An old lady was passing, and she noticed his tears, and took him by the elbow and beckoned him to follow her.
She led him down the street to her own porch. She sat him on the step, and brought out a live chicken and dropped it in his lap. He held it with some difficulty because the chicken was very agitated by his strange hands.
But as he grew calm he realised that the chicken was a trick. It helped to settle him. The more he tried to calm the chicken, the more calm he himself became.
It’s not a technique he would have experienced in Leitrim, although the woman’s kindness did remind him of his own grandmother, and he was laughing and joking with her in creative sign language by the time her grandchild arrived on a moped, and took him to the nearest English-speaking hotel. From the back seat of the moped, he waved farewell to the old woman, thinking how lucky he was that Indonesia was full of people every bit as good-natured as his own Leitrim granny.
Leitrim people are also lucky enough not to be tormented by tsunamis, despite the fact it rains so often. Leitrim’s real tragedy is more about trees than water.
I’ve been watching the dense forests for four decades, creeping slowly around the lakes and hills and small towns of the county; closing in on me, like a slow moving army
Not the beautiful leafy hardwoods, the oak or the apple that once grew in the parklands of big houses, but the new soft sitka tree that is grown on an industrial scale across the little farms where folk once lived and loved, and danced half sets, and reared chickens.
In fact there’s so much Government aid for people to plant soft-wood sitka trees in Leitrim that it bothers me what will happen when the entire county has been planted.
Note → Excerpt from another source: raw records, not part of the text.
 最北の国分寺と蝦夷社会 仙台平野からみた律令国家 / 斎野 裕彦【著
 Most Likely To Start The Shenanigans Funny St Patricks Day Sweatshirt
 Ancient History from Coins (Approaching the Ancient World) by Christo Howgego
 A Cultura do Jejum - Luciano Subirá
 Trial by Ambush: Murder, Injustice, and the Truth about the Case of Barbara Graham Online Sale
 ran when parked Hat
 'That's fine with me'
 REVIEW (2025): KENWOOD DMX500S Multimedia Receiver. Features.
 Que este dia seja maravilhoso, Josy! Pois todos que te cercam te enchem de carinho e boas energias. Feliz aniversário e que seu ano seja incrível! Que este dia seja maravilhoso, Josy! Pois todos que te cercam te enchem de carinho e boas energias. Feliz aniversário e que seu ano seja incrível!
I’ve been watching the dense forests for four decades, creeping slowly around the lakes and hills and small towns of the county; closing in on me, like a slow moving army. Little villages get surrounded and neighbours whisper to each other about how their view might be taken away and how there is nothing can be done about it. I have seen grown men weep as their land is transformed from humble fields of daisy into great walls of dense spruce.
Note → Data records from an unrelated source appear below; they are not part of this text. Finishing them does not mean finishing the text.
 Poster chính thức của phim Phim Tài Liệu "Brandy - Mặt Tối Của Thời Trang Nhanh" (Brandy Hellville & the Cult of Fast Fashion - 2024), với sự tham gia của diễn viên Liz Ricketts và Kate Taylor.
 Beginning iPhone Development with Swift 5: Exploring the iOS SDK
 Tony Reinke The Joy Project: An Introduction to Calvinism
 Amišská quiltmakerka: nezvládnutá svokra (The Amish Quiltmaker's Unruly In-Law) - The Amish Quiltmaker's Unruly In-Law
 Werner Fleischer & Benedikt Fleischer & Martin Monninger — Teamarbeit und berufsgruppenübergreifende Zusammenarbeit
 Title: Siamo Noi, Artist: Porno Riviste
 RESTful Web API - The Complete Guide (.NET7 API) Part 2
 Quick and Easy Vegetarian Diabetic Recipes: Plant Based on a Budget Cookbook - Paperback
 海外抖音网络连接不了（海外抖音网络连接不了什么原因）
The trees appear where and when you least expect them. First as little grey saplings in straight lines, sown as neatly into the earth as stitches in the elbow of an old jacket. Gradually they evolve into what could be mistaken for a thousand little harmless Christmas trees. But finally they rise up, like a foreboding darkness, when you round a corner where a lake used to be, and you find it’s gone.
I suppose everyone in the hills above Lough Allen will eventually be pushed out and I may end up on my own; an old man lost in a forest.
There will be no one to remember the neighbours who loved apples, and played polkas, and danced the Tennessee waltz, and braced the winter sleet with fodder in wheelbarrows for animals they loved.
I am already surrounded, as the sitka warriors march onwards towards Arigna, in a phalanx that swallows deserted houses, and extinguishes the life of birds and small animals that were once my friends. I have already bade farewell to the hen harrier. And my beloved curlew no longer breaks the silence of a summer’s morning. Soon I will bid farewell to the boys and girls with surfboards under their arms as they go out to wander the earth, in the hope of finding other folk in distant lands, as warm and kind-hearted as their own grandmothers.